--- Assigned task ---
Exactly and only the lines from the one with "New Trend 2023" through the last line of the records need to be set down; please skip the pictures.
Segment Start: Data records
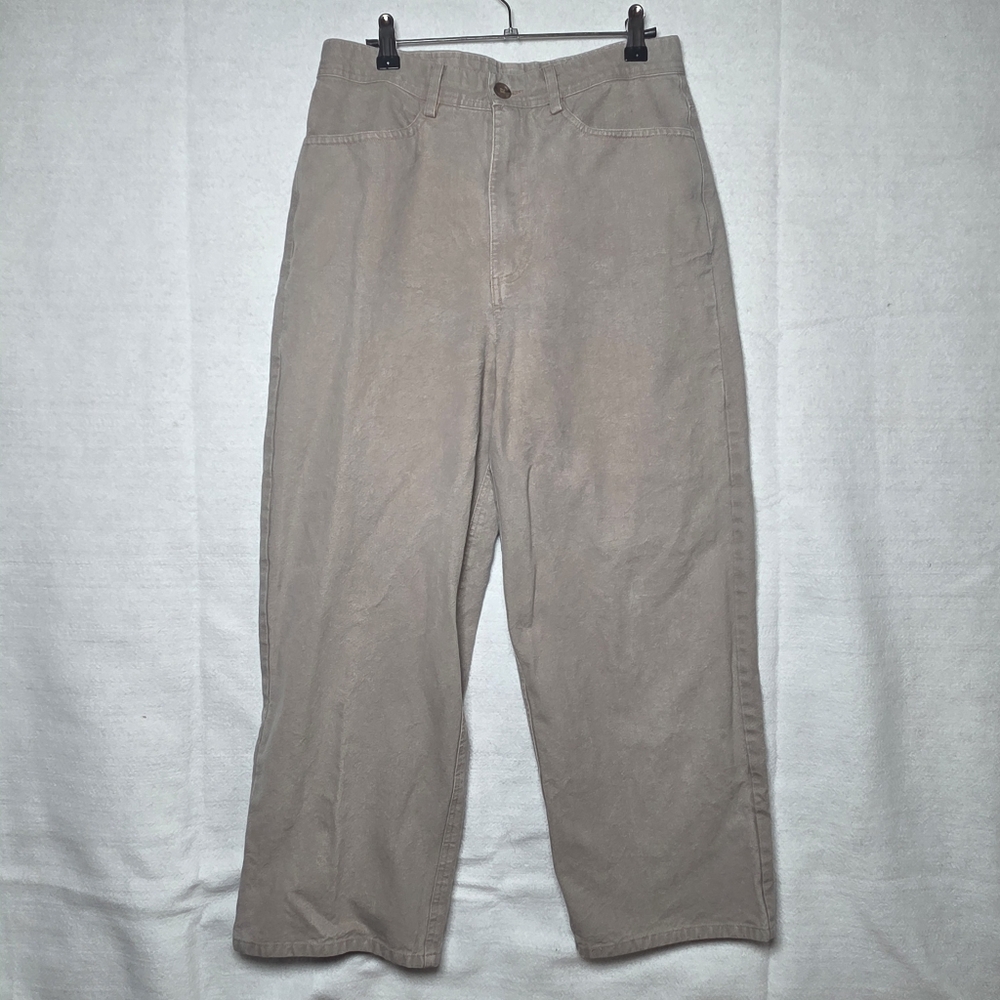LAUDE the Label Everyday Pants High Rise Cropped Canvas Straight Pant Size 8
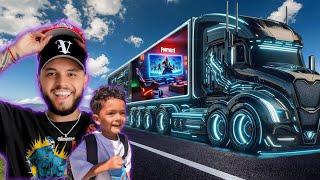 I Picked Up My Son from his FIRST DAY of School in My Semi Truck & Surprised him w/ This!!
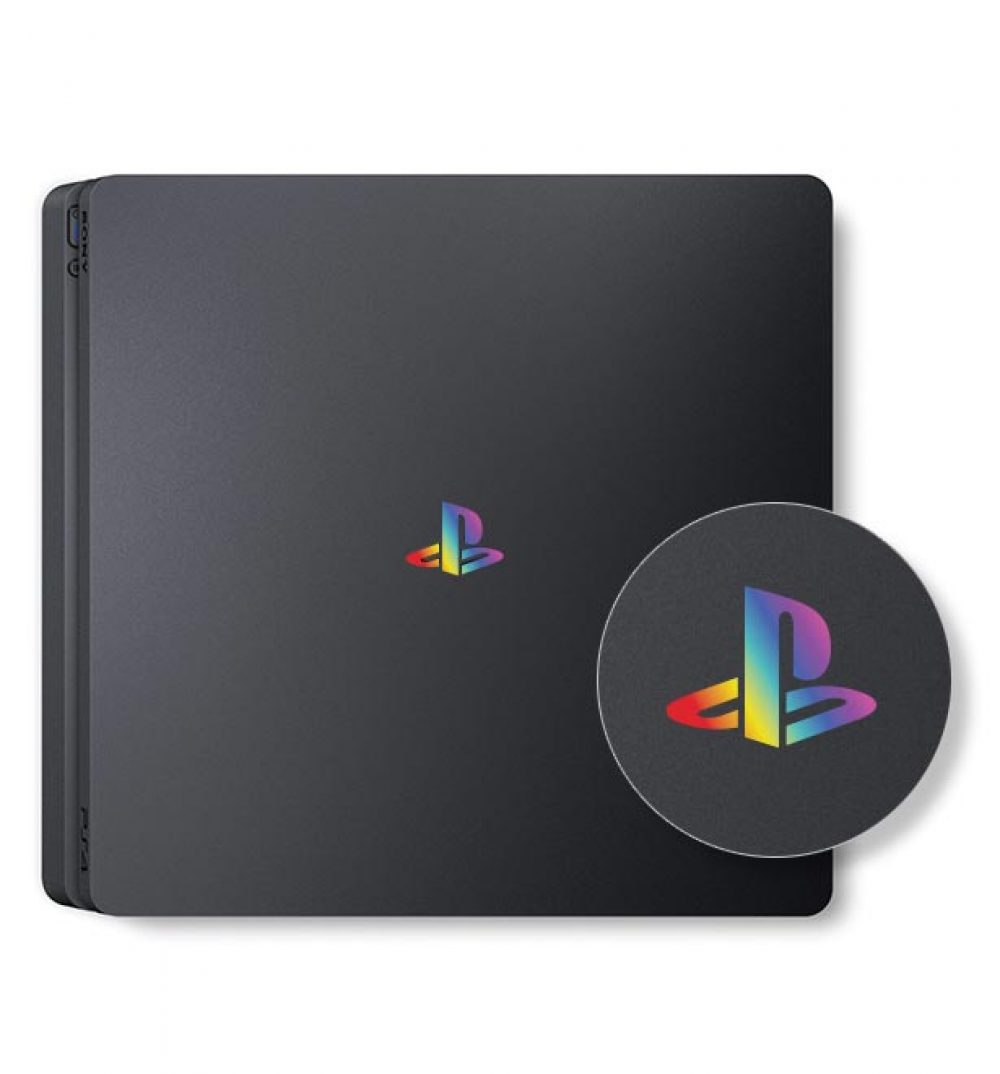 PS4 Slim - Logo Overlay Decal - Rainbow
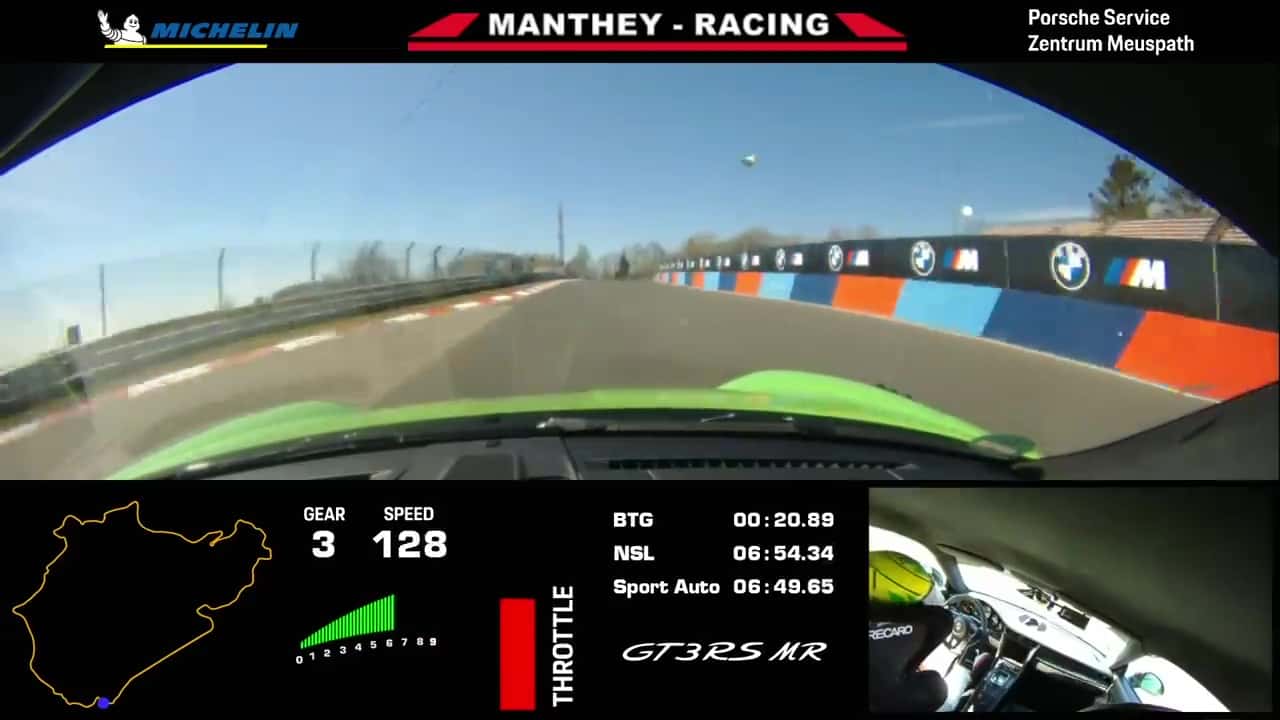 Screenshot - Onboard-Video - Manthey Porsche 911 GT3 RS MR 991.2 - Nordschleife - 2021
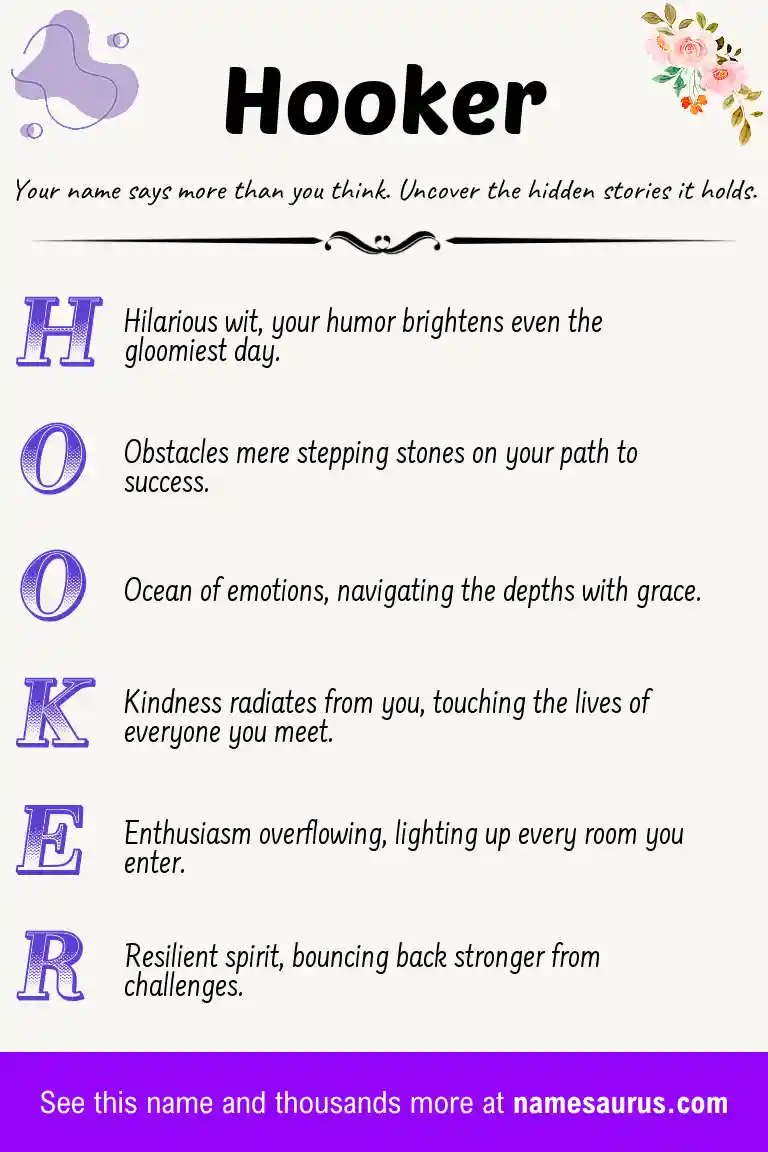 Acrostic poem about Hooker.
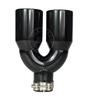 Dual Outlet Stainless Steel Exhaust Pipe - Available in Bright Black and Silver, Compatible with Various Car Models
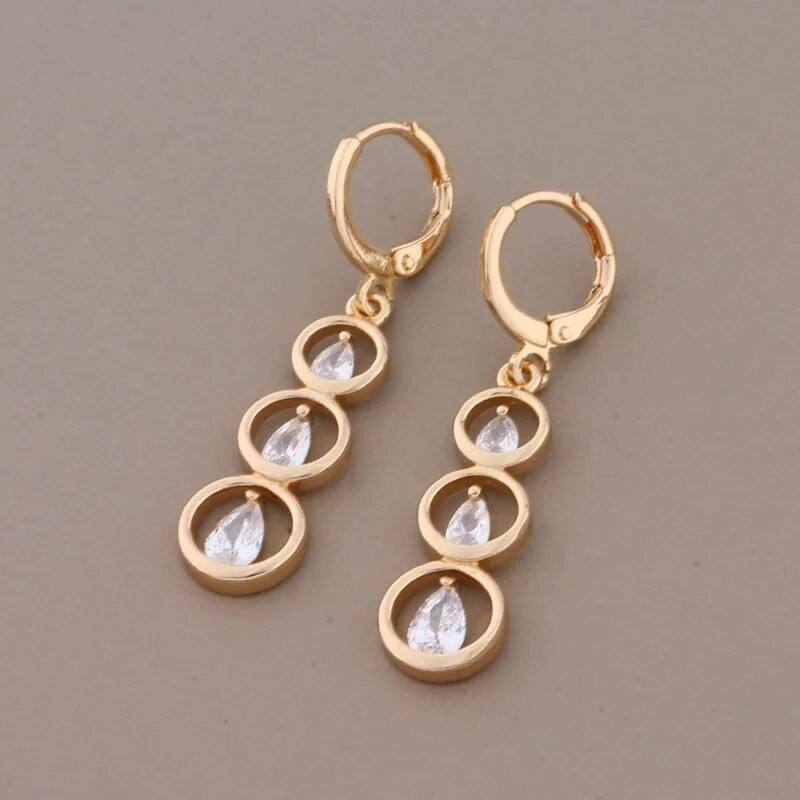 New Trend 2023 kvaliteetne valge naturaalsest tsirkoonist lihtsad kõrvarõngad ja ripatsite komplektid, luksuslik elegantne naiste komplekt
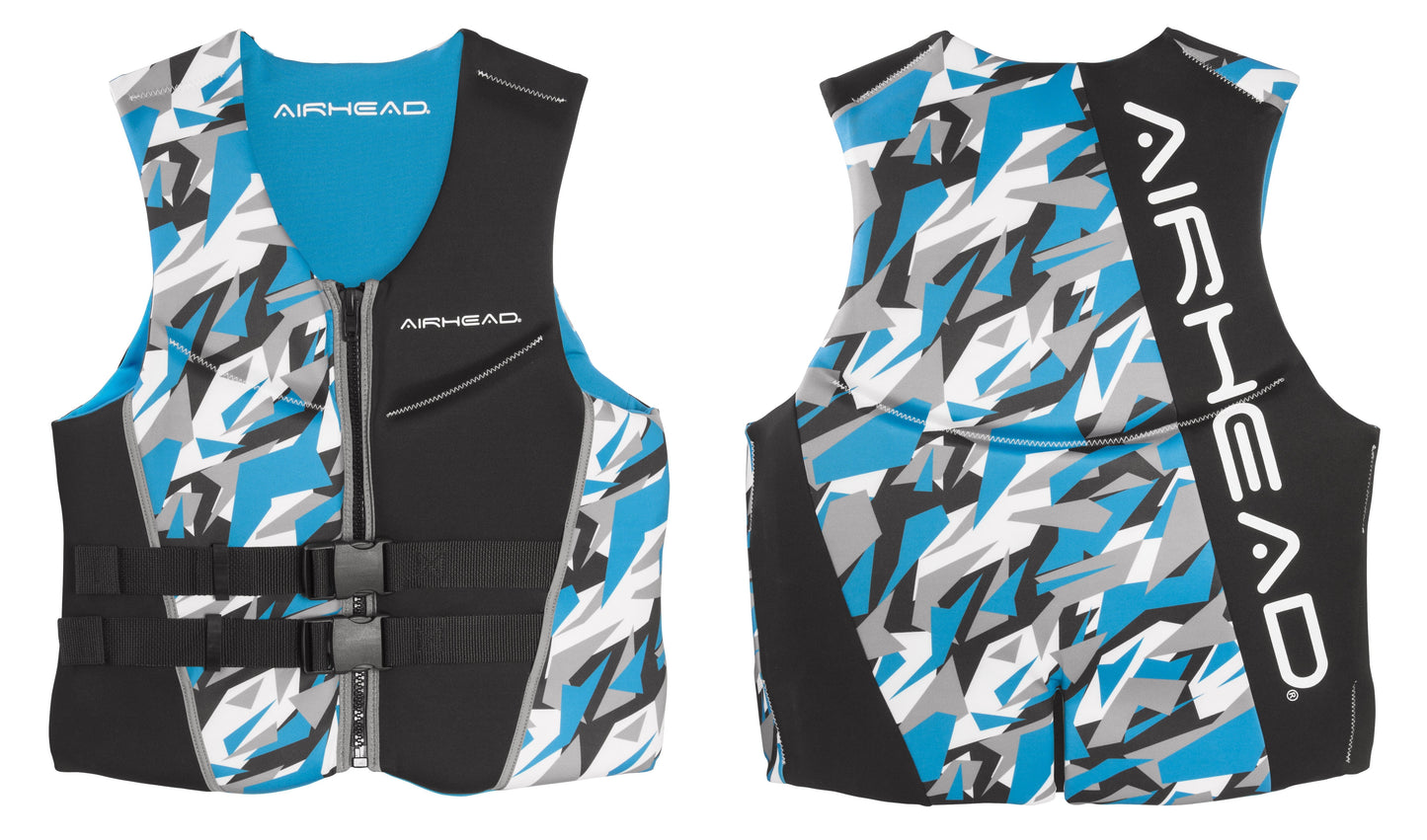 Airhead Neolite Men's Life Jacket, Kwik-Dry Tech, Medium, Camo Cool Blue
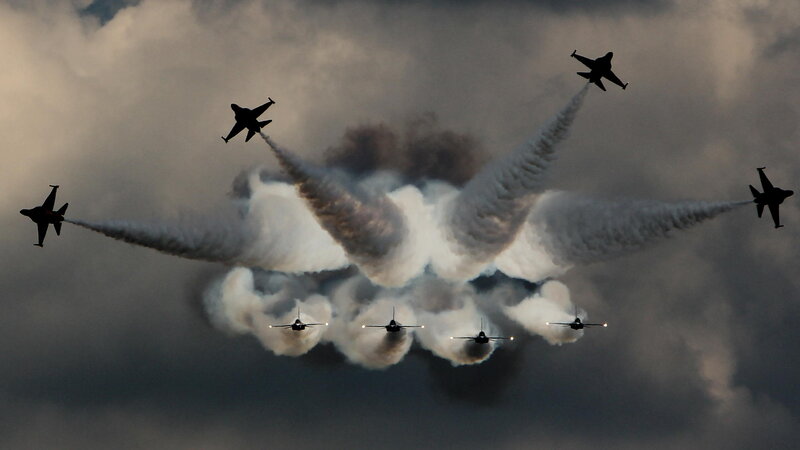 Jet Fighters in Formation — Gray, Dramatic, Afternoon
Segment End: Data records
--- Solution to this exercise ---
 New Trend 2023 kvaliteetne valge naturaalsest tsirkoonist lihtsad kõrvarõngad ja ripatsite komplektid, luksuslik elegantne naiste komplekt
 Airhead Neolite Men's Life Jacket, Kwik-Dry Tech, Medium, Camo Cool Blue
 Jet Fighters in Formation — Gray, Dramatic, Afternoon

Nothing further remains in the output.